My fragment shader has a heavy two-dimension kernel convolution:
const lowp int KERNEL_RADIUS = 19;
....
for (int y = -KERNEL_RADIUS; y <= KERNEL_RADIUS; y++)
{
for (int x = -KERNEL_RADIUS; x <= KERNEL_RADIUS; x++)
{
....
}
}
In fact it is a 39x39 loop, and it cannot be split into two passes of one-dimension filter due to the kernel design. The kernel weights are stored as another input texture of the shader for lookup. Obviously this shader cannot have reasonable performance when directly applied to an image with normal size (800x600 ~ 1600x1200), so I resize the image to 200x200 ~ 400x400 and then I can have real-time response on most devices.
I know that some shader compiler cannot accept such a large loop and will fail to compile the program. I have found some devices with this behavior. The compile time is still reasonable on the device. It just reports a failure and let me disable the effect filter. However, on some other devices, the compilation is successful and the program can be used normally, but the first time of compilation is about 2~3 minutes. After that, the compiler caches the program and give a compile time of 50~100 ms when I create the effect filter again.
Currently I cannot modify my algorithm to remove or shrink the two-dimension loops, but it is also hilarious if I let the user to wait minutes for the first launch.

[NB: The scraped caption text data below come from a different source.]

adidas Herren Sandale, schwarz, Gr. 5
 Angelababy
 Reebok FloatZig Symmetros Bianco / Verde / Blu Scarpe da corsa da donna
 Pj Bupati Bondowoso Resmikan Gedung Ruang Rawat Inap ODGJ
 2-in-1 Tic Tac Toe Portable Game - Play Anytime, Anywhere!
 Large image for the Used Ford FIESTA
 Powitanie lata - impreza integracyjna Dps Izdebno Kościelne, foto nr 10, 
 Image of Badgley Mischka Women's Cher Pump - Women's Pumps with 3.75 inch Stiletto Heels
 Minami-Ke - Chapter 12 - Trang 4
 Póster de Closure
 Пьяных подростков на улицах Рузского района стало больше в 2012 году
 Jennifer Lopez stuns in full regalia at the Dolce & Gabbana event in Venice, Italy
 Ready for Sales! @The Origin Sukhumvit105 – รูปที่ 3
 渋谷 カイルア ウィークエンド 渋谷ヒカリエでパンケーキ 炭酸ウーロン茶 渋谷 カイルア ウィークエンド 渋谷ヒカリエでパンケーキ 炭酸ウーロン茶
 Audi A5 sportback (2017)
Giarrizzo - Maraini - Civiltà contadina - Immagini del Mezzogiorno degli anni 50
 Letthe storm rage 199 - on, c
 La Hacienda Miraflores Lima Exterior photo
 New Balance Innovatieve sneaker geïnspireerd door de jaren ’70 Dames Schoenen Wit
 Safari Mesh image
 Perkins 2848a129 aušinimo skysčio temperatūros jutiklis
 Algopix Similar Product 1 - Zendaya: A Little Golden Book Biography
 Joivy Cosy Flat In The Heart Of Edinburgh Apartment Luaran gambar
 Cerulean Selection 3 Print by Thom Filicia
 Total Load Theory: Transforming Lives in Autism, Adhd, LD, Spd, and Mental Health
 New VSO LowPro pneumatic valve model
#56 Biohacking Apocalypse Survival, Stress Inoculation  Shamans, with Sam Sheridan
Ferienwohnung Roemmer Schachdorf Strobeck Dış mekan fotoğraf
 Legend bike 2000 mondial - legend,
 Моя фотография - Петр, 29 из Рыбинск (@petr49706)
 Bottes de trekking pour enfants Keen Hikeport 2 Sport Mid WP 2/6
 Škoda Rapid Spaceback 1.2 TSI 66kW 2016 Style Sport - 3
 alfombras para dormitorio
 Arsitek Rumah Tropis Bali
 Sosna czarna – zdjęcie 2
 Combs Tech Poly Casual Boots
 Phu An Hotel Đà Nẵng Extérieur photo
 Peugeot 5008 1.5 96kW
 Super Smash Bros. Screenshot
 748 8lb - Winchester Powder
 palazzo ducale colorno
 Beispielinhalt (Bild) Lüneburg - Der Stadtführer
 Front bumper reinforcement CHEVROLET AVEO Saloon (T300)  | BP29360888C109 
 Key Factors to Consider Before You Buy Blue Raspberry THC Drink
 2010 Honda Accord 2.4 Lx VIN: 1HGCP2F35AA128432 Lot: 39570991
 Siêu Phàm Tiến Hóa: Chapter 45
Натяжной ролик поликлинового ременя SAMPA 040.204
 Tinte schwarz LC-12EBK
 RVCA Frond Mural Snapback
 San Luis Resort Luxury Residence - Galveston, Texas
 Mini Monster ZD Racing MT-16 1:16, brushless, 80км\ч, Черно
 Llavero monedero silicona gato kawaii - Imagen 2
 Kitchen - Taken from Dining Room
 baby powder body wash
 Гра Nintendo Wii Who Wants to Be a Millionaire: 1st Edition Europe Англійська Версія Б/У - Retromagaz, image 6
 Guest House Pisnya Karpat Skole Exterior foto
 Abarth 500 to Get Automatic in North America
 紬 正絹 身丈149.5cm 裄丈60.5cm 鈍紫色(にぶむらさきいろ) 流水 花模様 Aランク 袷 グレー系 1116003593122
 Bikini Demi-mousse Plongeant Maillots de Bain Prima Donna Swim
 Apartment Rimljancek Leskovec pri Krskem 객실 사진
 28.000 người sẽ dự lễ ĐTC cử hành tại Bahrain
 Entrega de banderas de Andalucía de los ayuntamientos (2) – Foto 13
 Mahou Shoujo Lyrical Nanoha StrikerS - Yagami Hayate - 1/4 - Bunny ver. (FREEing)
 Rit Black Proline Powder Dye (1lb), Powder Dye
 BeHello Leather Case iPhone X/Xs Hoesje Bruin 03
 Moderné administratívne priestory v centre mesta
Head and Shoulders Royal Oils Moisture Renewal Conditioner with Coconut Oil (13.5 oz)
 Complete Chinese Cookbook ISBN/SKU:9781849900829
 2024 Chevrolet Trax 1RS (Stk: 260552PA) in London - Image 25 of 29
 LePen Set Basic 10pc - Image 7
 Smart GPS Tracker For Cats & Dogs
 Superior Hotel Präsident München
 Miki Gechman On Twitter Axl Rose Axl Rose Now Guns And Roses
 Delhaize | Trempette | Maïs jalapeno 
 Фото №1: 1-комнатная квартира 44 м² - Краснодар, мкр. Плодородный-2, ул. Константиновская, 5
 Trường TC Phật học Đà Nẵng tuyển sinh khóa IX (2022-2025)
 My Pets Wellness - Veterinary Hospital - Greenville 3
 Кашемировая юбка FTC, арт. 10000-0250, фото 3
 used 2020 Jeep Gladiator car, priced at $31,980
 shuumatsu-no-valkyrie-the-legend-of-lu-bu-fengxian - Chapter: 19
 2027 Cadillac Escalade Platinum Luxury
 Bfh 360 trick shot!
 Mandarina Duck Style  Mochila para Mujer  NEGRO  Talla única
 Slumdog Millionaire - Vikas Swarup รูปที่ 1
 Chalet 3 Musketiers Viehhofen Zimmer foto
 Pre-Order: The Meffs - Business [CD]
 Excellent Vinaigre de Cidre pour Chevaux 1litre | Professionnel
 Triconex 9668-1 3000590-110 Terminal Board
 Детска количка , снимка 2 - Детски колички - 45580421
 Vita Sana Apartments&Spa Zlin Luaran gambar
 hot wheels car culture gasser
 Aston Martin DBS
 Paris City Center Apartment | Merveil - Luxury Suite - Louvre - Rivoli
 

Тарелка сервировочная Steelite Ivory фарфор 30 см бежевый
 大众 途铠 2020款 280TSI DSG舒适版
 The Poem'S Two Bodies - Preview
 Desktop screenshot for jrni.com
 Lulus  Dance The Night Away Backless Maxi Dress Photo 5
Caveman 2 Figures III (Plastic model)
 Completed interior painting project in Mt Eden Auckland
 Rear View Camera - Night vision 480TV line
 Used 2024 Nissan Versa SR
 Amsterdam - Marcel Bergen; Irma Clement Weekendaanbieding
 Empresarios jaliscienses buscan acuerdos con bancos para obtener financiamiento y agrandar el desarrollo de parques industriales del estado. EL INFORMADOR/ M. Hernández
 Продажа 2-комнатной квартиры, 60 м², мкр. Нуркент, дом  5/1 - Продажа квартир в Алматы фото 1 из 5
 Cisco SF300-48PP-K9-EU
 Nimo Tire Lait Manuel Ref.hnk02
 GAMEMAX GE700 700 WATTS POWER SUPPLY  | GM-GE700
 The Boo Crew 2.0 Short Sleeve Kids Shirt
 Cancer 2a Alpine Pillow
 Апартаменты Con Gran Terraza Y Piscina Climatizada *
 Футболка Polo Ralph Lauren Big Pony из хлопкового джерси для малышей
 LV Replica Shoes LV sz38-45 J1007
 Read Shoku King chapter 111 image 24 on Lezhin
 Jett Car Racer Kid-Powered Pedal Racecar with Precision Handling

I want to disable the effect filter on those devices. The problem is that I use GLES20.glCompileShader() to compile the shader:
public static int loadShader(final String strSource, final int iType)
{
int[] compiled = new int[1];
int iShader = GLES20.glCreateShader(iType);
GLES20.glShaderSource(iShader, strSource);
GLES20.glCompileShader(iShader);
GLES20.glGetShaderiv(iShader, GLES20.GL_COMPILE_STATUS, compiled, 0);
if (compiled[0] == 0) {
Log.d("Load Shader Failed", "Compilation\n" + GLES20.glGetShaderInfoLog(iShader));
return 0;
}
return iShader;
}
It is a blocking call. I need to wait several minutes before making the decision of disabling filter on such devices.
Is there a way to compile the shader codes asynchronously or in a limited duration? (For example, return fail in 5 seconds if the compliation does not complete yet.)
If glCompileShader() can only be called synchronously, I want to force terminate the thread so it does not block the AP. But it will cause a serious problem. The thread which compiles the shader code is the same as the thread creating the OpenGL context. If I kill the thread while it is blocking, I cannot destroy the OpenGL context appropriately in the same thread.
Is it possible, or safe, to compile the shader codes in a different thread than the one which initializes the OpenGL context? I was told that they should be the same thread, and I want to know if they are able to be different when I really need to do this.